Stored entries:
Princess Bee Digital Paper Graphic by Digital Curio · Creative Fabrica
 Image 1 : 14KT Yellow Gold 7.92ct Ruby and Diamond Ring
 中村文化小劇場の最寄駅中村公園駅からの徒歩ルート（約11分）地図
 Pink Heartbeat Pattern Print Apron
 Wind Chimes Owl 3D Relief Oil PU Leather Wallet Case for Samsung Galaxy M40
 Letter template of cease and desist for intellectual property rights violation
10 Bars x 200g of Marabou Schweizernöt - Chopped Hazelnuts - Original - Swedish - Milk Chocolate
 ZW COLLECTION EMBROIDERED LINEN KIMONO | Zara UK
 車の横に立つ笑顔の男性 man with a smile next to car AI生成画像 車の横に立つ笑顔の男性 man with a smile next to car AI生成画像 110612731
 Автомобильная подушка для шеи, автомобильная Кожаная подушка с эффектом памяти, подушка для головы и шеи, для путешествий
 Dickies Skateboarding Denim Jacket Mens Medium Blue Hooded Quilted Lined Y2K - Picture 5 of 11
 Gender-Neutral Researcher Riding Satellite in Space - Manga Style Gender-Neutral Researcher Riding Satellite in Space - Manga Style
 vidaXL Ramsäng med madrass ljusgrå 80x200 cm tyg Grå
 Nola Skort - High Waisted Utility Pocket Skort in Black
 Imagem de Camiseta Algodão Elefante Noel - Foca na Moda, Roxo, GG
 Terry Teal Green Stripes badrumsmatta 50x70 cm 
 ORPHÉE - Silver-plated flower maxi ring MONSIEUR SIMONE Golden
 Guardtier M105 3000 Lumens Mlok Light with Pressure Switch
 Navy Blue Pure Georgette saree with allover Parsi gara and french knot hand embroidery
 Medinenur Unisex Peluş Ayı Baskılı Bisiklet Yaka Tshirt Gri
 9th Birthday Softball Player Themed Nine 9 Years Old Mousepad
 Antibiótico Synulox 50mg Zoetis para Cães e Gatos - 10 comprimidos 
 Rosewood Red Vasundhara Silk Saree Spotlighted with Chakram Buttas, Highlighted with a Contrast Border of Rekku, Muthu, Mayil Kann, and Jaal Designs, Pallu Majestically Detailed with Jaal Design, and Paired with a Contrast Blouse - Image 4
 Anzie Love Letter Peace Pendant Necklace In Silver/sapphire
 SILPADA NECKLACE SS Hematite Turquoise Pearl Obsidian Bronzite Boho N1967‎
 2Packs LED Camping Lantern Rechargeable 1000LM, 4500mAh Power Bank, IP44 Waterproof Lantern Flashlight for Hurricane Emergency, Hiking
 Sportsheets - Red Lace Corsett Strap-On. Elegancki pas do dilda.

• _TASK STATEMENT_:
In the data above, which lines lie between the line with "ZW COLLECTION EMBROIDERED" and the line with "Dickies Skateboarding Denim", inclusive? Print those lines exactly and nothing else.

• _REPLY TO THE TASK_:
 ZW COLLECTION EMBROIDERED LINEN KIMONO | Zara UK
 車の横に立つ笑顔の男性 man with a smile next to car AI生成画像 車の横に立つ笑顔の男性 man with a smile next to car AI生成画像 110612731
 Автомобильная подушка для шеи, автомобильная Кожаная подушка с эффектом памяти, подушка для головы и шеи, для путешествий
 Dickies Skateboarding Denim Jacket Mens Medium Blue Hooded Quilted Lined Y2K - Picture 5 of 11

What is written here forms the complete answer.